In design defect cases, a product is considered defective only when “it is made according to an unreasonably dangerous design.” Estate of Bigham v. DaimlerChrysler Corp., 462 F.Supp.2d. 766, 771 (E.D.Ky. 2006) (quoting Jones v. Hutchison Mfg., Inc., 502 S.W.2d 66, 69 (Ky. 1973)); see also Montgomery Elevator Co. v. McCollough by McCollough, 676 S.W.2d 776, 780 (Ky. 1984) (plaintiff must prove the product was manufactured in “a defective condition unreasonably dangerous.”). Under the “unreasonably dangerous” analysis, the manufacturer is presumed to know the qualities, characteristics, and actual condition of his product at the time he sells it, and the question is whether the product creates “such a risk” of an accident of the general nature of the one in question “that an ordinarily prudent company engaged in the manufacture” of such a product “would not have put it on the market.” Id. (quoting Nichols v. Union Underwear Co., Inc., 602 S.W.2d 429, 433 (Ky. 1980)). . . . Because a warning can make a product reasonably safe, “a product may be unreasonably dangerous in design, unless accompanied by a warning that it should not be put to a certain use.” C & S Fuel, Inc v. Clark Equipment Co, 552 F.Supp. 340, 347 (E.D.Ky. 1982). “The duty to warn extends to the dangers likely to result from foreseeable misuse of a product.” Morales v. American Honda Motor Co, Inc., 71 F.3d 531, 537 (6th Cir. 1995).

Jarrett v. Duro-Med Indus., No. CIV.A. 05-102-JBC, 2008 WL 89932 (E.D. Ky. Jan. 8, 2008) (Coffman, J.). “Under Kentucky law, a plaintiff has the burden of establishing causation in claims of negligence and strict liability” in a defective design action and “must produce evidence to justify a reasonable inference of probability rather than mere possibility that the alleged design defects were responsible for her injuries.” Id. (citing Stewart v. General Motors Corp., 222 F.Supp.2d 845, 848, 850 (W.D.Ky. 2002)).

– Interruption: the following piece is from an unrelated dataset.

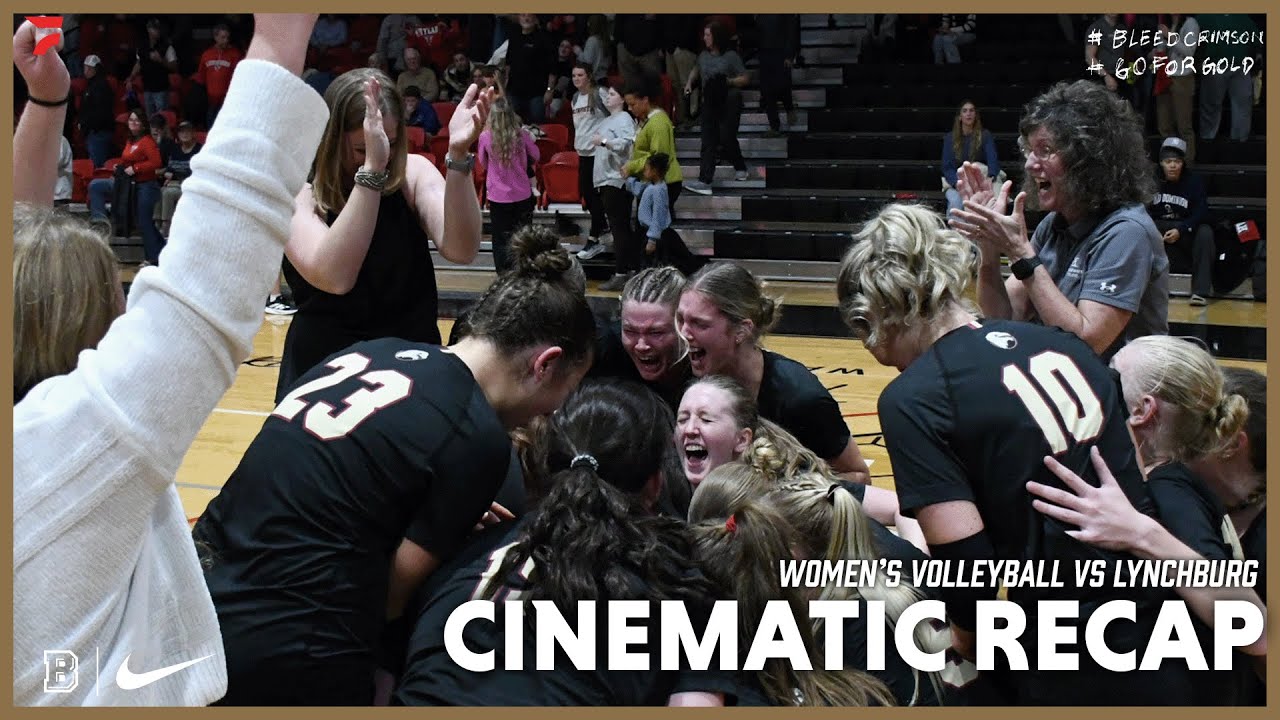 Cinematic Recap: 2025 Bridgewater Women's Volleyball vs Lynchburg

         Under either a design or manufacturing defect theory, expert proof is necessary to show that the alleged defect was a substantial factor in causing the plaintiff's injury. Burgett v. Troy-Bilt LLC, 970 F.Supp.2d 676, 683 (E.D. Ky. 2013). Opinion testimony is required unless the internal workings of the product are within the common knowledge of the ordinary layperson. Stevens v. Keller Ladders, 1 Fed.Appx. 452, 458 (6th Cir. 2001). Opinion testimony is also required to support a plaintiff's “failure to warn” strict liability claim to provide a jury with some basis for apprising the adequacy of any warning. See West v. KKI, LLC, 300 S.W.3d 184, 196-97 (Ky. Ct. App. 2008).

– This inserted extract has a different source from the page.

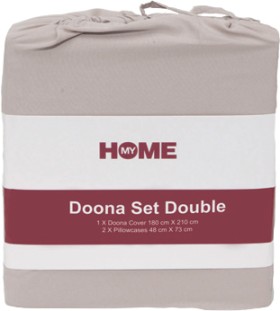 Microfibre+Doona+Set+Double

         The case before this Court is distinguishable from Jarrett v. Duro-Med Indus. upon which the Halseys rely to argue that no expert evidence is necessary to support their claim that the proximate cause of their injuries was an inadequate warning of a potential rollover danger for the AGCO tractor equipped with the Titan tires in question. In Jarrett, the plaintiff was injured in a tip-over incident involving a transport wheelchair missing one of two handbrakes with which it was designed and sold. The plaintiff presented both expert evidence that application of light pressure when engaging the wheel brakes and use of both wheel brakes on a wheelchair would have prevented the type of tipping incident in which the plaintiff was injured and expert evidence with respect to similar types of warnings used on similar chairs that were offered to reduce or avoid any unreasonable risk of harm posed by improper use of the wheelchair. Thus, in Jarrett, the limited ...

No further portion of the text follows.